● **Exercise goal**:
Your answer must be the exact lines below, starting with the line with "2006-07 In The" and going on through the line with "Door Repair Oceano-CA", both included, with no pictures.

··· Excerpted data

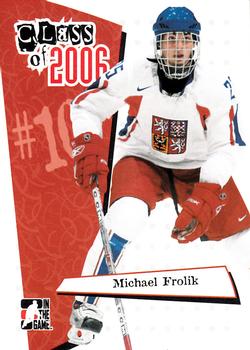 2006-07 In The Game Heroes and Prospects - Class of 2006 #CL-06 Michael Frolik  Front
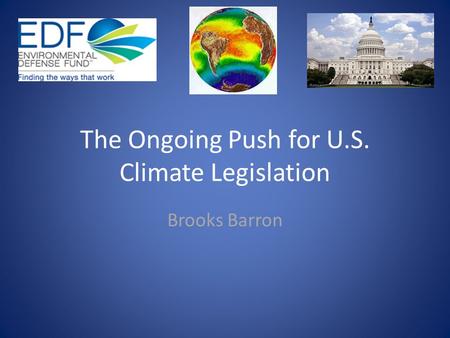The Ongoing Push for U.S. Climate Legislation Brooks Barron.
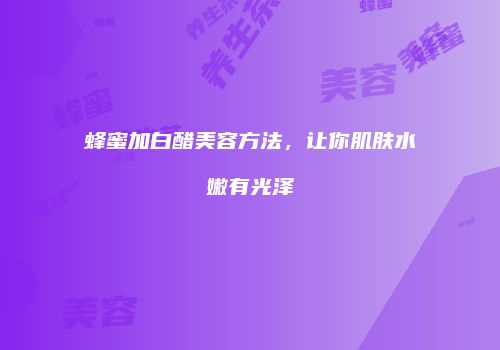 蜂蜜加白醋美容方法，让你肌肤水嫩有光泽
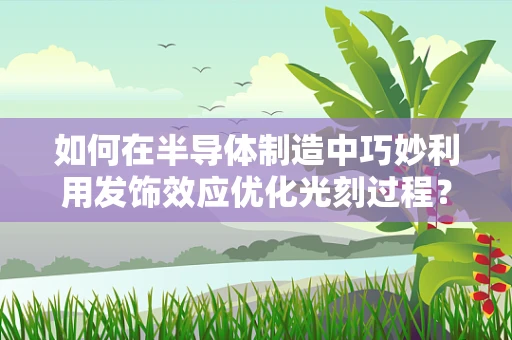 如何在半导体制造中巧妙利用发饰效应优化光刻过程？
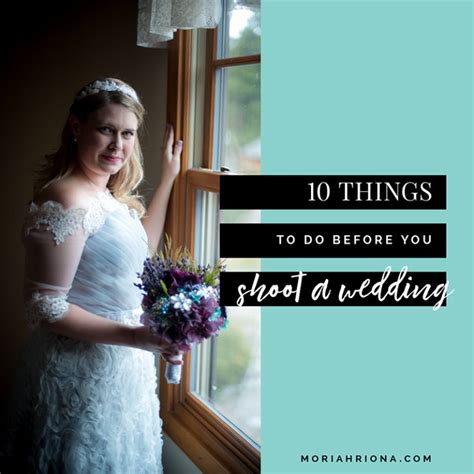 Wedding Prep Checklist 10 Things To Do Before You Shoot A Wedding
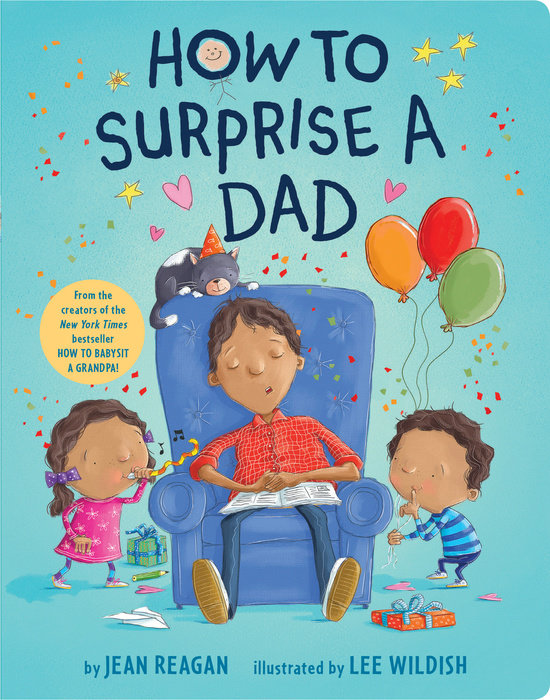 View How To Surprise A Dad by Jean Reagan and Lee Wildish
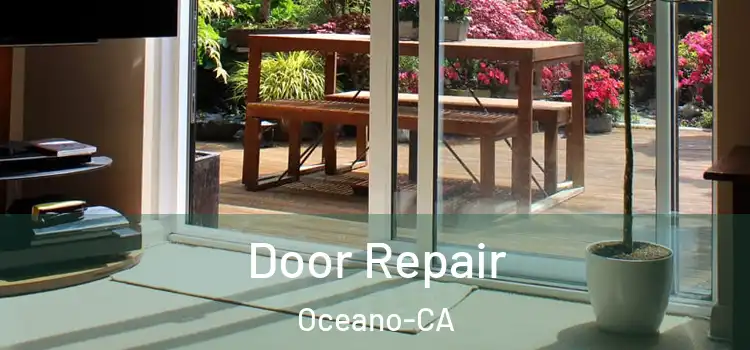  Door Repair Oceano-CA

······
··· Excerpted data

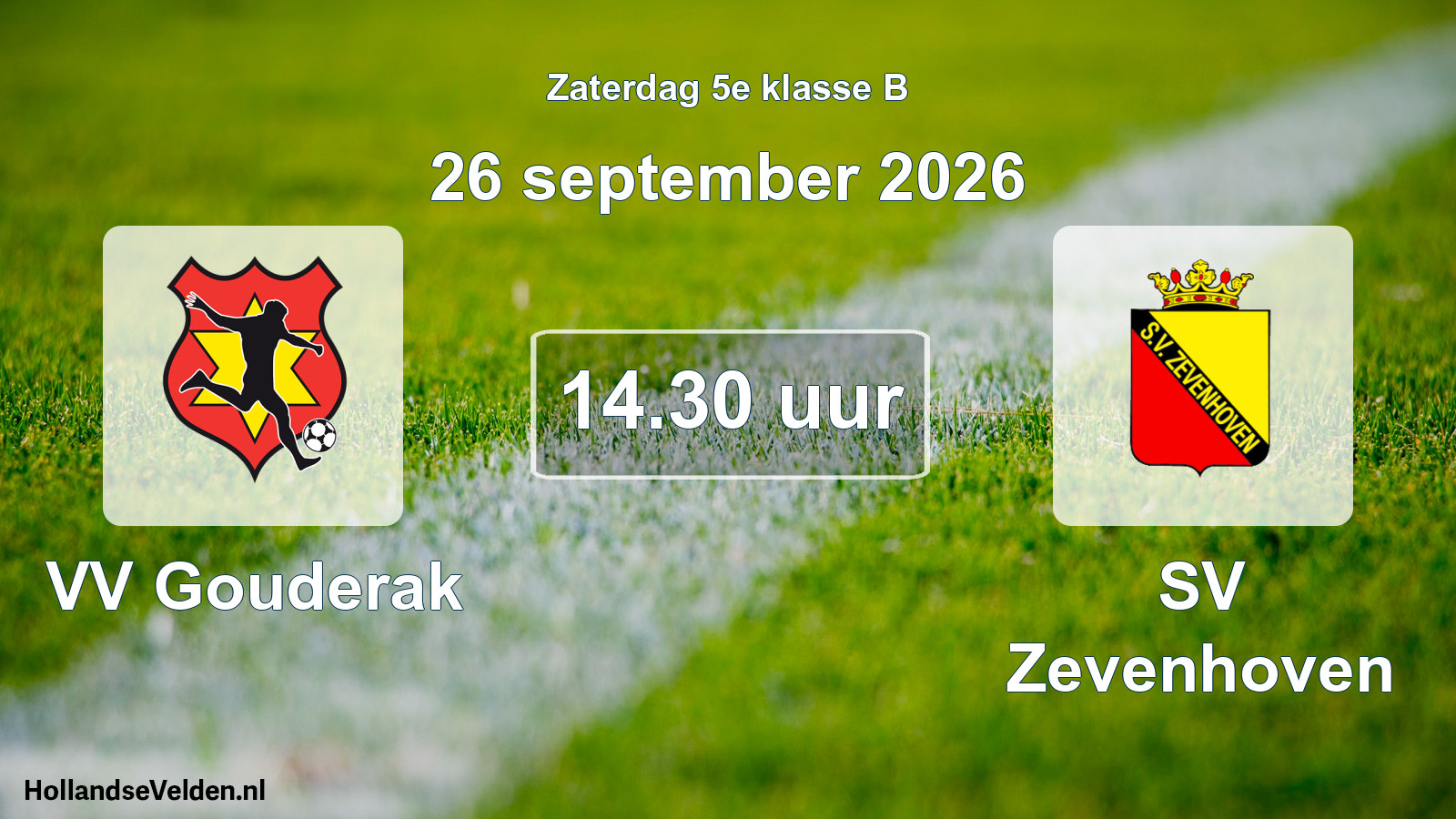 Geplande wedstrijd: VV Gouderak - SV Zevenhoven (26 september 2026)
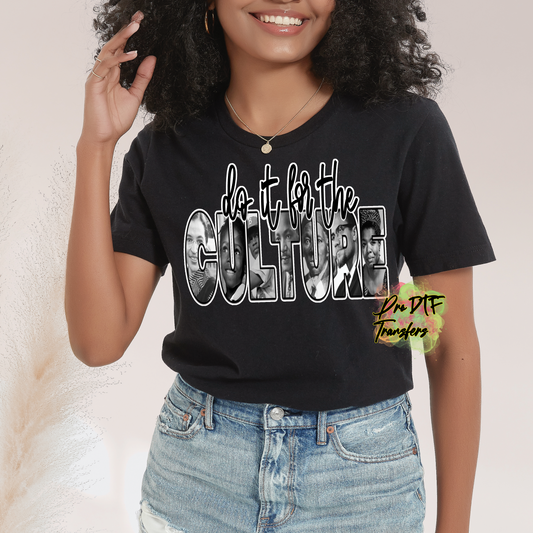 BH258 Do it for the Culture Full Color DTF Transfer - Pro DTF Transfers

······

● **Answer box**:
 2006-07 In The Game Heroes and Prospects - Class of 2006 #CL-06 Michael Frolik  Front
The Ongoing Push for U.S. Climate Legislation Brooks Barron.
 蜂蜜加白醋美容方法，让你肌肤水嫩有光泽
 如何在半导体制造中巧妙利用发饰效应优化光刻过程？
 Wedding Prep Checklist 10 Things To Do Before You Shoot A Wedding
 View How To Surprise A Dad by Jean Reagan and Lee Wildish
  Door Repair Oceano-CA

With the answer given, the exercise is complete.